====== Available data ======
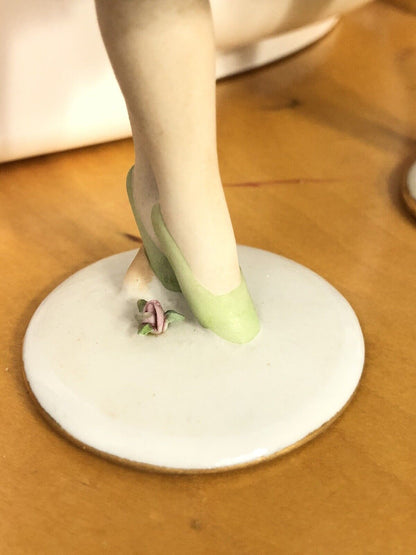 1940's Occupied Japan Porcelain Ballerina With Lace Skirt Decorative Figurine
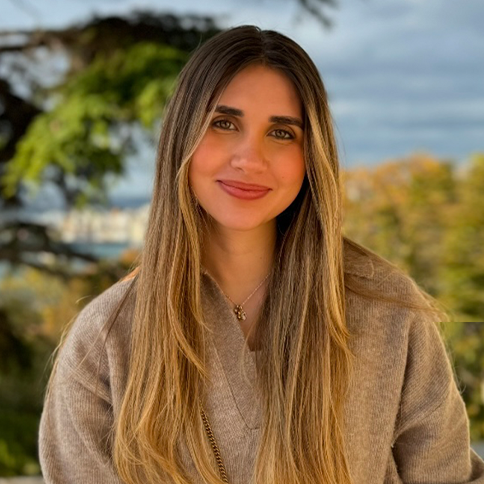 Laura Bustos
======
====== Available data ======
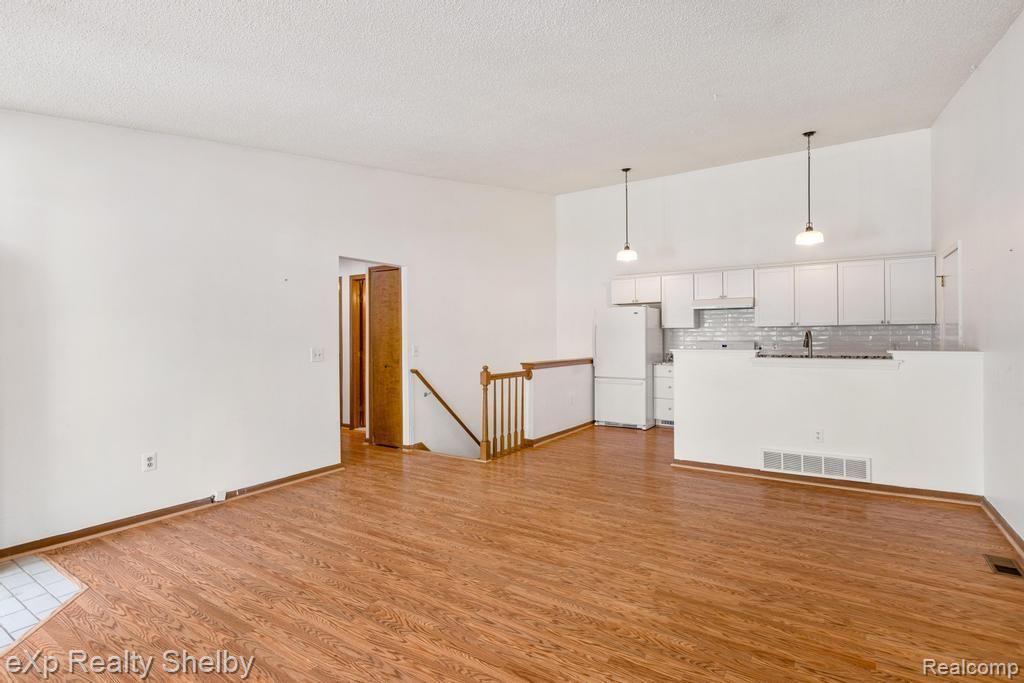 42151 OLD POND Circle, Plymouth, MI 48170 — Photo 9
======
====== Available data ======
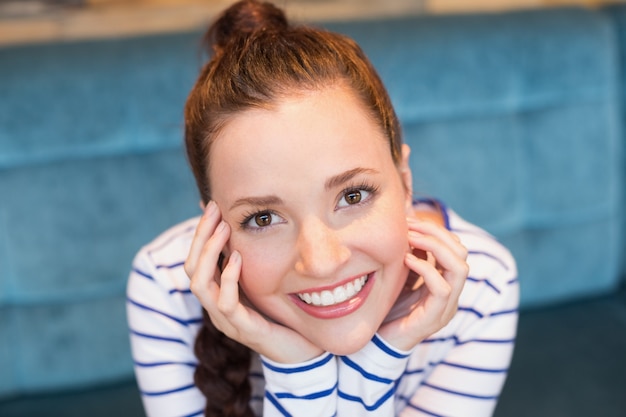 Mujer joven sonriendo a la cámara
======
_Task prompt_
Exercise for the records above: copy only the lines from the one with "1940's Occupied Japan" to the one with "Laura Bustos", both ends kept, and drop the pictures.

_Solution to the problem_
 1940's Occupied Japan Porcelain Ballerina With Lace Skirt Decorative Figurine
 Laura Bustos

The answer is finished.